(Data records)
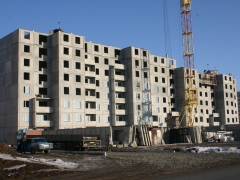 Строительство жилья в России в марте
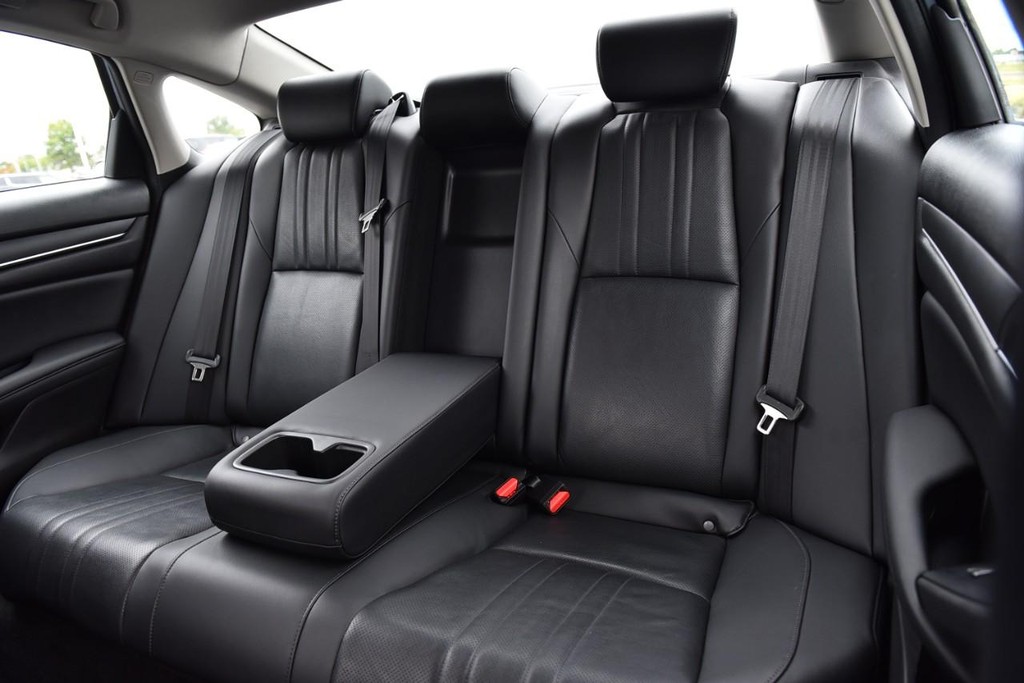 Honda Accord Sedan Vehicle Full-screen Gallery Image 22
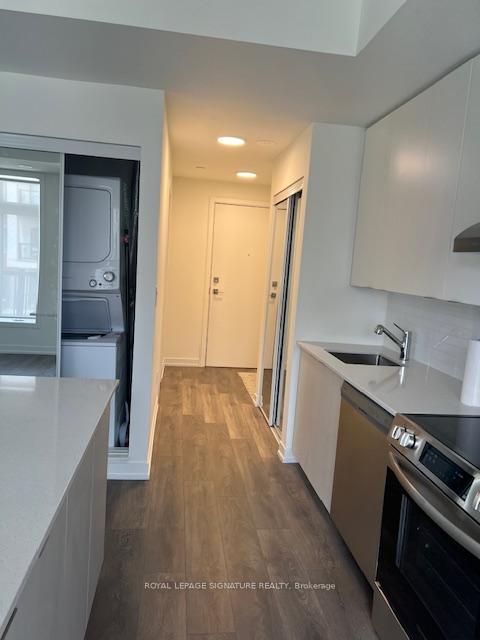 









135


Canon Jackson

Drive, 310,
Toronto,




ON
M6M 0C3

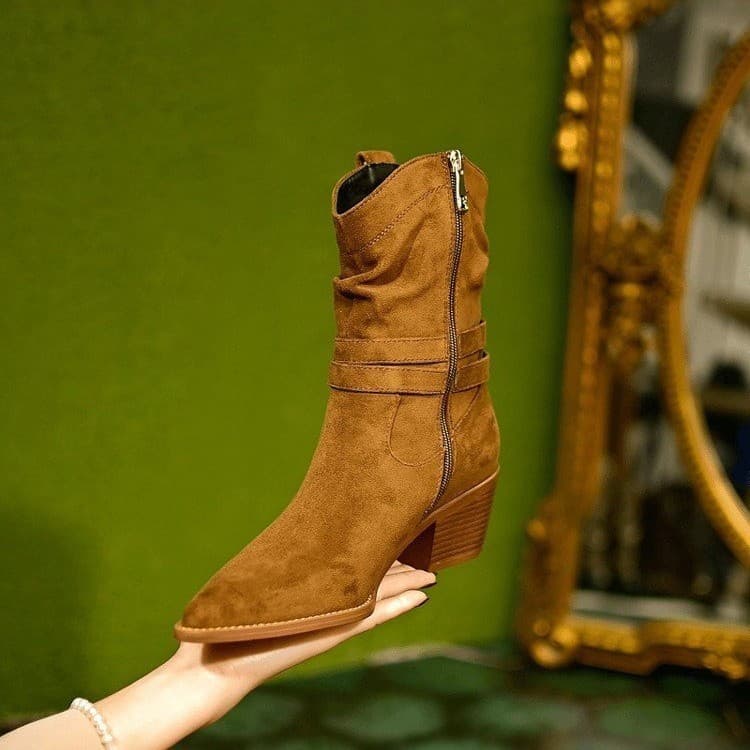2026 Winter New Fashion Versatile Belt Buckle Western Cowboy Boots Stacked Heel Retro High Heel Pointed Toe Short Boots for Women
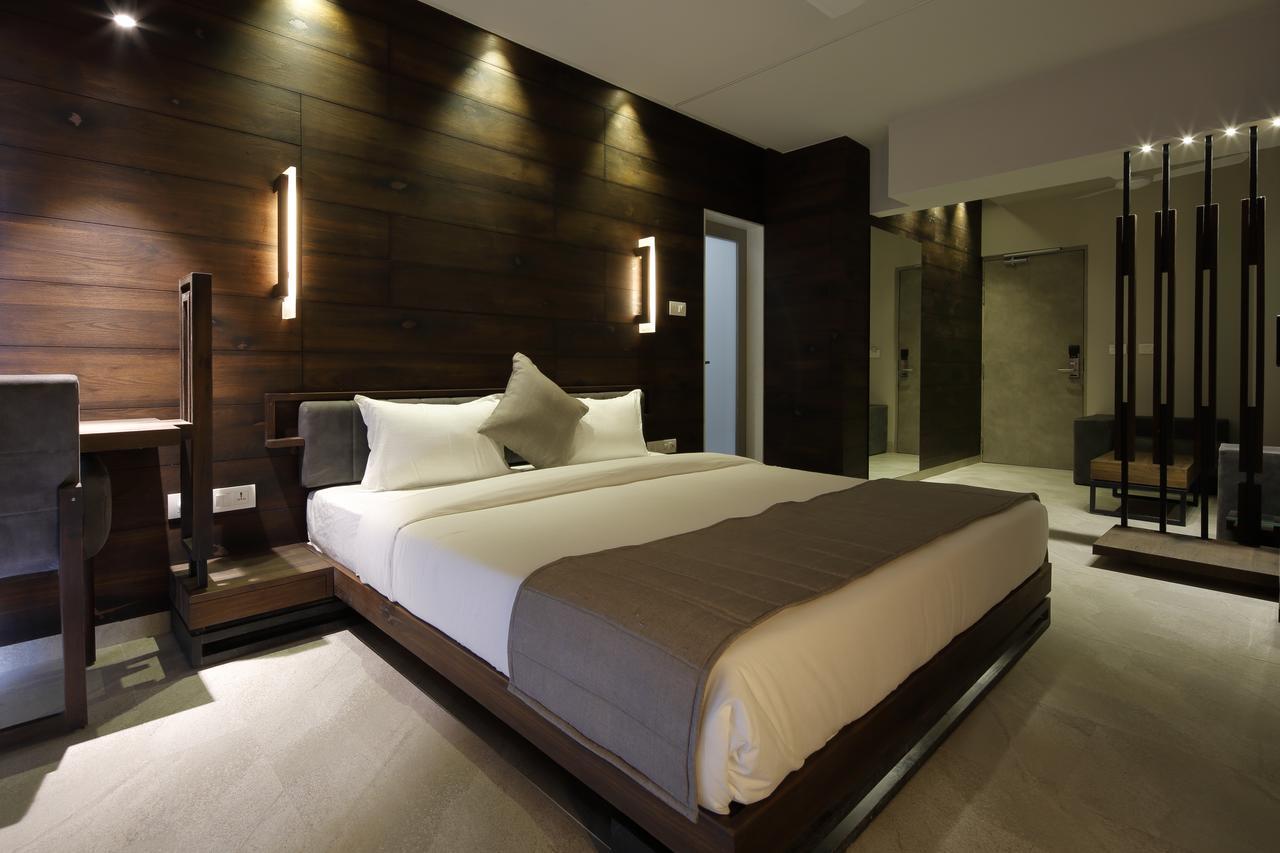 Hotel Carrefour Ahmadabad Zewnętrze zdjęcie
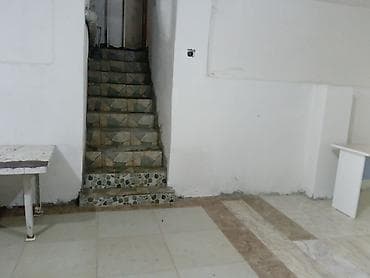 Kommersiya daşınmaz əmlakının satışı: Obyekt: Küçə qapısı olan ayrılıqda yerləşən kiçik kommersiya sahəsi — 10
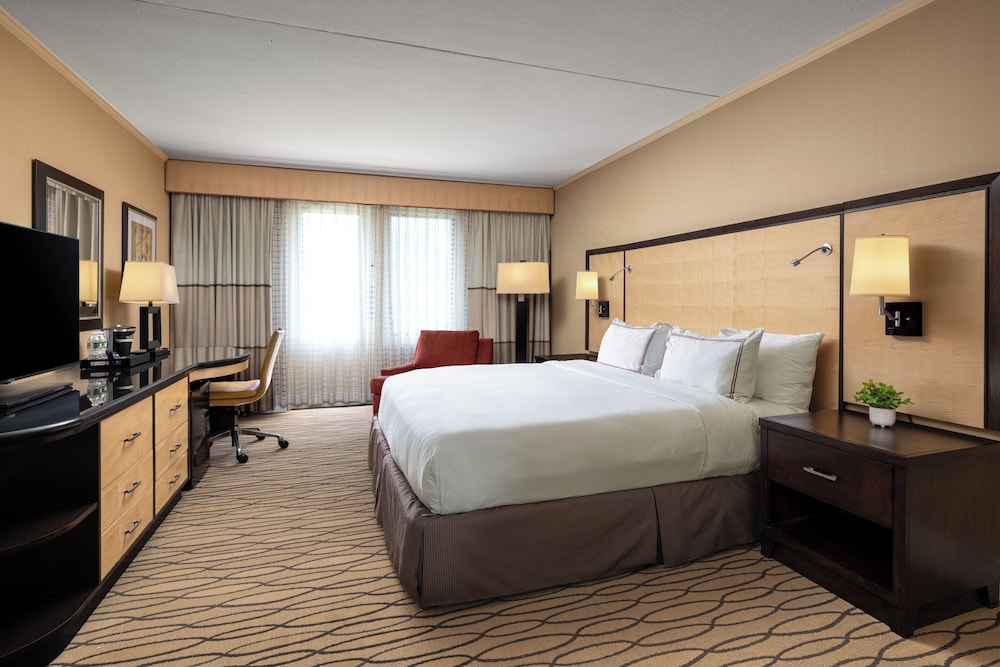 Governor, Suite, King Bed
--
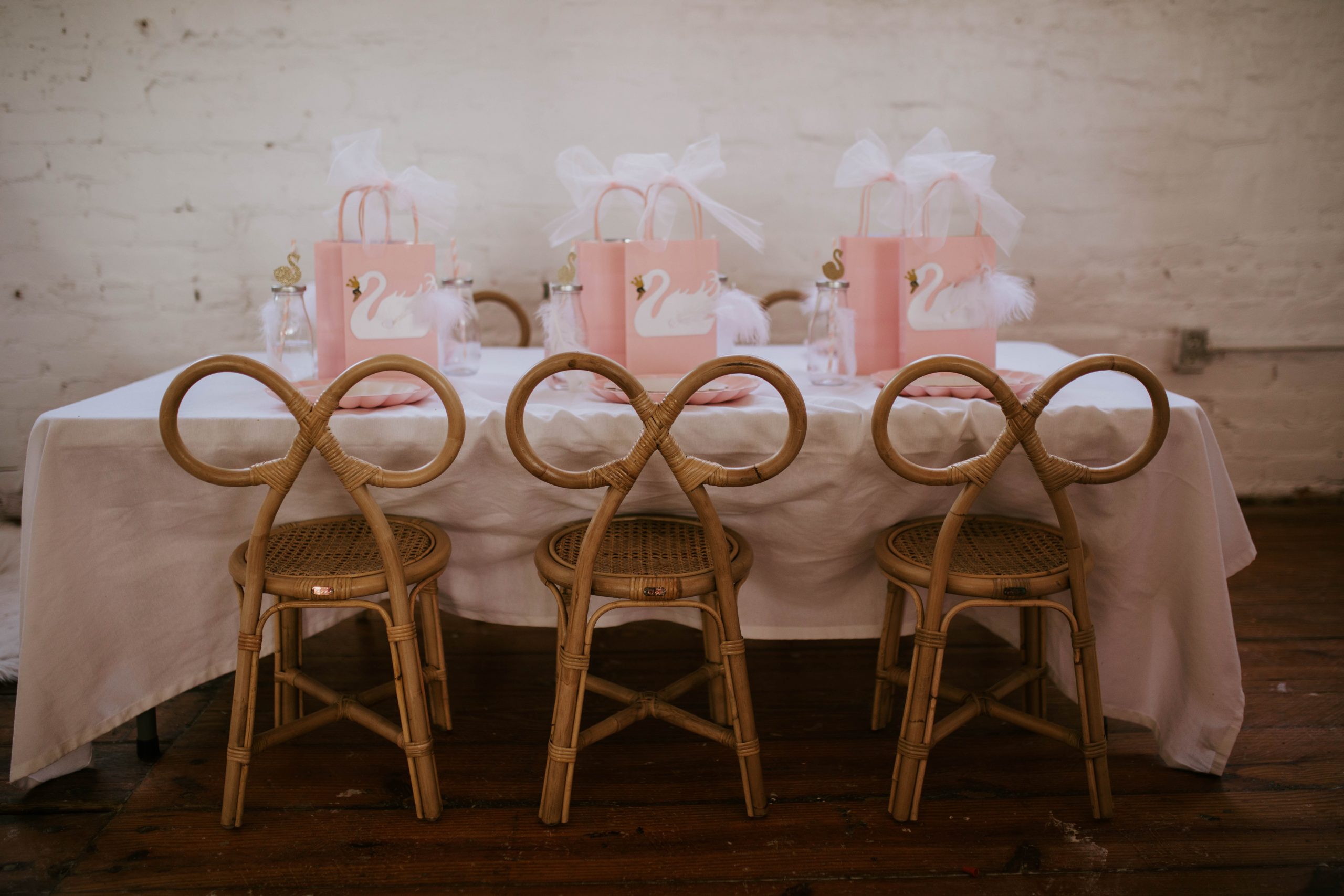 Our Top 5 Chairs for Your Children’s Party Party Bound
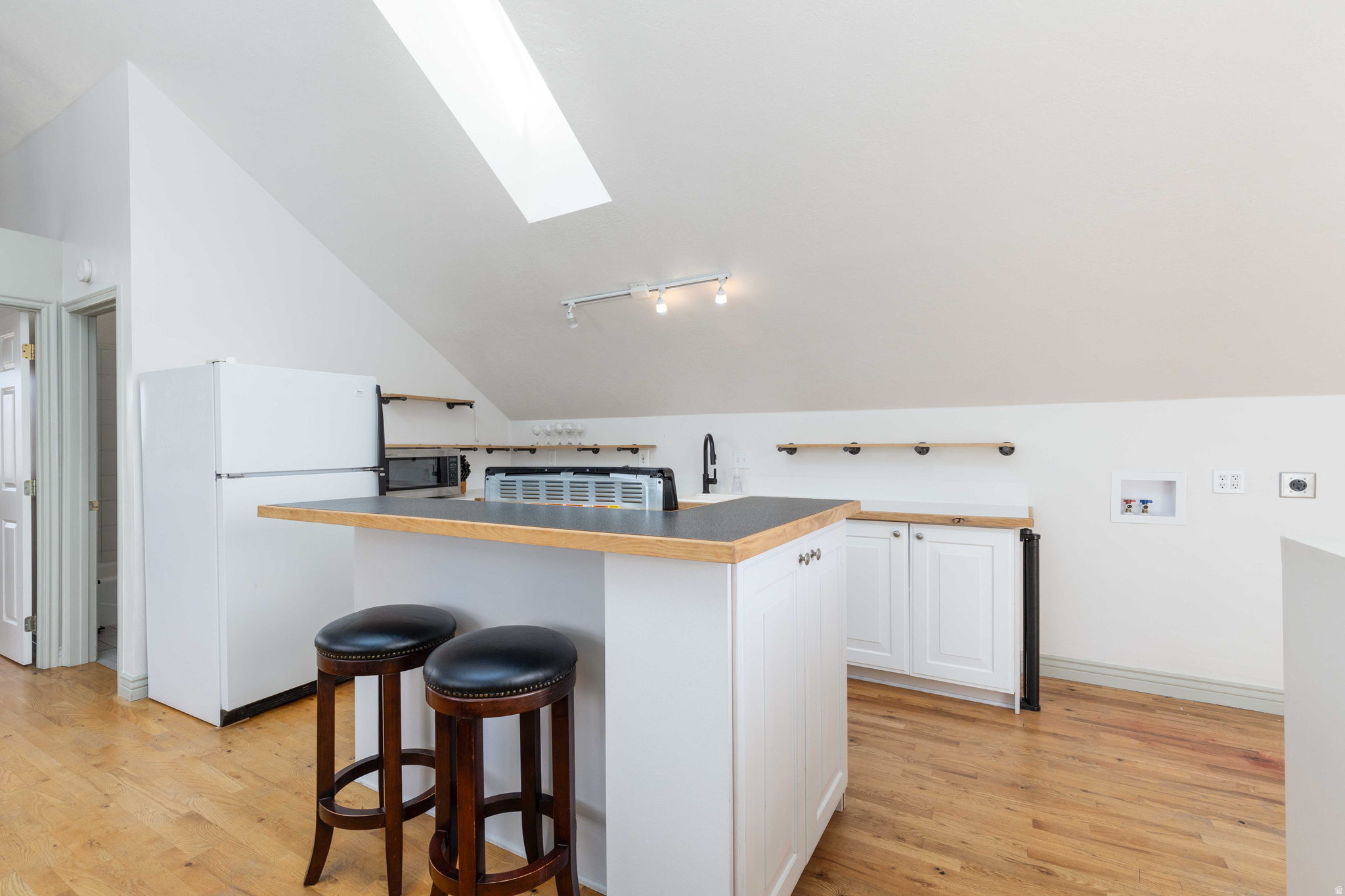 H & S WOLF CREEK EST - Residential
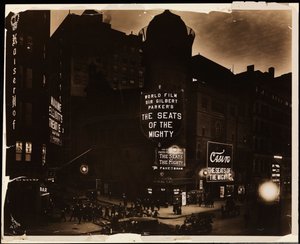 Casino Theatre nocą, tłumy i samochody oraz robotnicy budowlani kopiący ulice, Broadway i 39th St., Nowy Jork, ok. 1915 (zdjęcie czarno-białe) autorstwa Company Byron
...
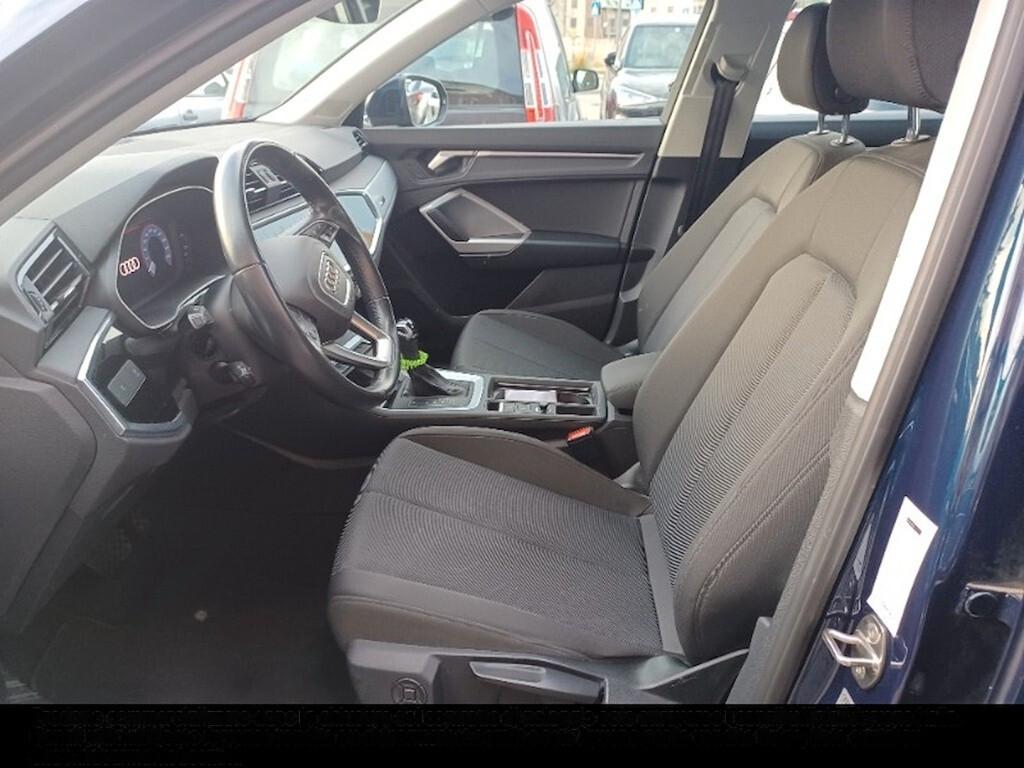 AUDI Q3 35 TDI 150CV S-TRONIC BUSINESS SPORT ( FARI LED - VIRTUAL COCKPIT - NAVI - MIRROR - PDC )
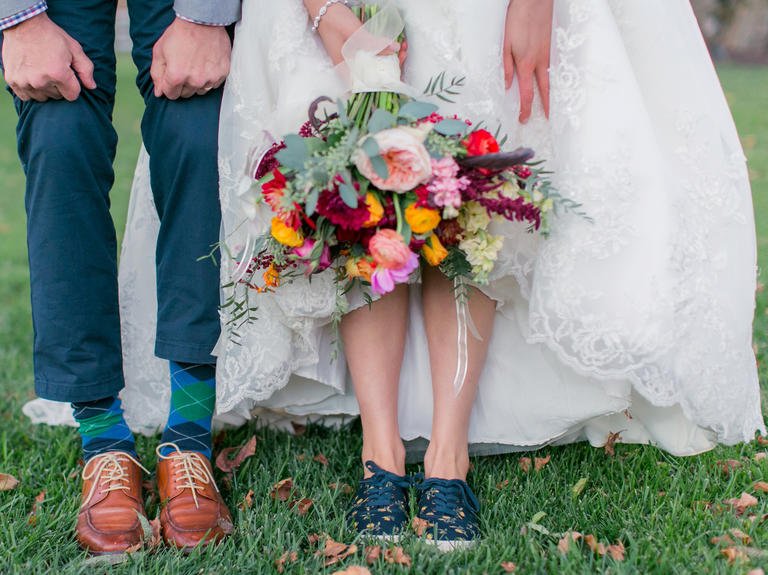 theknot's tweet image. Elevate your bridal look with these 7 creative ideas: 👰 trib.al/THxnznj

(What this task involves) In the material above, one part opens with the line containing "Строительство жилья в России в марте" and closes with the line containing "Governor, Suite, King Bed". Write out that part exactly and skip its pictures.

(Output of the exercise)
 Строительство жилья в России в марте
 Honda Accord Sedan Vehicle Full-screen Gallery Image 22









135


Canon Jackson

Drive, 310,
Toronto,




ON
M6M 0C3

2026 Winter New Fashion Versatile Belt Buckle Western Cowboy Boots Stacked Heel Retro High Heel Pointed Toe Short Boots for Women
 Hotel Carrefour Ahmadabad Zewnętrze zdjęcie
 Kommersiya daşınmaz əmlakının satışı: Obyekt: Küçə qapısı olan ayrılıqda yerləşən kiçik kommersiya sahəsi — 10
 Governor, Suite, King Bed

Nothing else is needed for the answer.